Prior to building a binary classification model, a common step is to perform variable screening and exploratory data analysis. This is the step where we get to know the data and weed out variables that are either ill-conditioned or simply contain no information that will help us predict the action of interest. Note that the purpose of this step should not to be confused with that of multiple-variable selection techniques, such as stepwise regression, where the variables that go into the final model are selected. Rather, this is a precursory step designed to ensure that the approaches deployed during the final modeling phases are set up for success.
The weight of evidence (WOE) and information value (IV) provide a great framework for for exploratory analysis and variable screening for binary classifiers. WOE and IV have been used extensively in the credit risk world for several decades, and the underlying theory dates back to the 1950s. However, it is still not widely used in other industries.
WOE and IV analysis enable one to:
- Consider each variable’s independent contribution to the outcome.
- Detect linear and non-linear relationships.
- Rank variables in terms of "univariate" predictive strength.
- Visualize the correlations between the predictive variables and the binary outcome.
- Seamlessly compare the strength of continuous and categorical variables without creating dummy variables.
- Seamlessly handle missing values without imputation.
- Assess the predictive power of missing values.
The Information
package is designed to perform WOE and IV analysis for binary classification models as well as uplift models. To maximize performance, aggregations are done in data.table
, and creation of WOE vectors can be distributed across multiple cores.
Consider a direct marketing program where a test group received an offer of some sort, and the control group did not receive anything. The test and control groups are based on a random split. The lift of the campaign is defined as the difference in success rates between the test and control groups. In other words, the program can only be deemed successful if the offer outperforms the "do nothing" (a.k.a baseline) scenario.
The purpose of uplift models is to estimate the difference between the test and control groups, and then using the resulting model to target persuadables – i.e., potential or existing clients that are on the fence and need some sort of offer or contract to sign up or buy a product. Thus, when preparing to build an uplift model, we cannot only focus on the log odds of (Y=1) (where (Y) is some binary outcome), we need to analyze the log odds ratio of (Y=1) for the test group versus the control group.
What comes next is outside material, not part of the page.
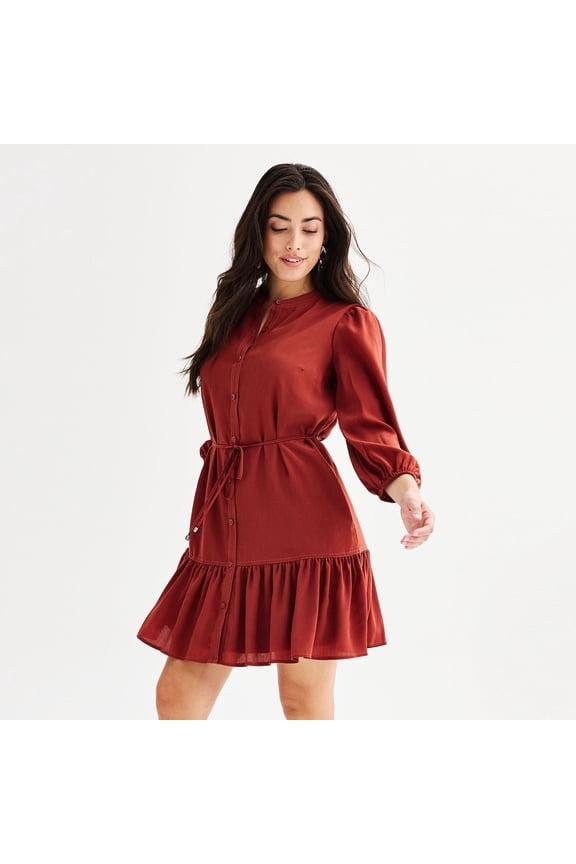 Women's Nine West Long Sleeve Belted Mini Dress Color: Marsala Flower Size: LARGE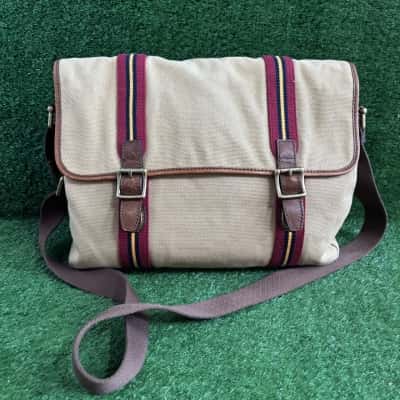 Fossil Tan / Brown Canvas Messenger Bag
This can be handled by the net weight of evidence (NWOE) and the net information value (NIV).
library(Information)
# Basic WOE and IV -- no external cross validation
# Set ncore=2 since CRAN does now allow more than 2 for examples
# For real applications, leave ncore is NULL to get the default which is: number of cores - 1
data(train, package="Information")
train <- subset(train, TREATMENT==1)
IV <- create_infotables(data=train, y="PURCHASE", ncore=2)
# Show the first records of the IV summary table
print(head(IV$Summary), row.names=FALSE)
# Show the WOE table for the variable called N_OPEN_REV_ACTS
print(IV$Tables$N_OPEN_REV_ACTS, row.names=FALSE)
You can install:
- The latest development version from github with
devtools::install_github("klarsen1/Information", "klarsen1")
- The latest released version from CRAN with
install.packages("Information")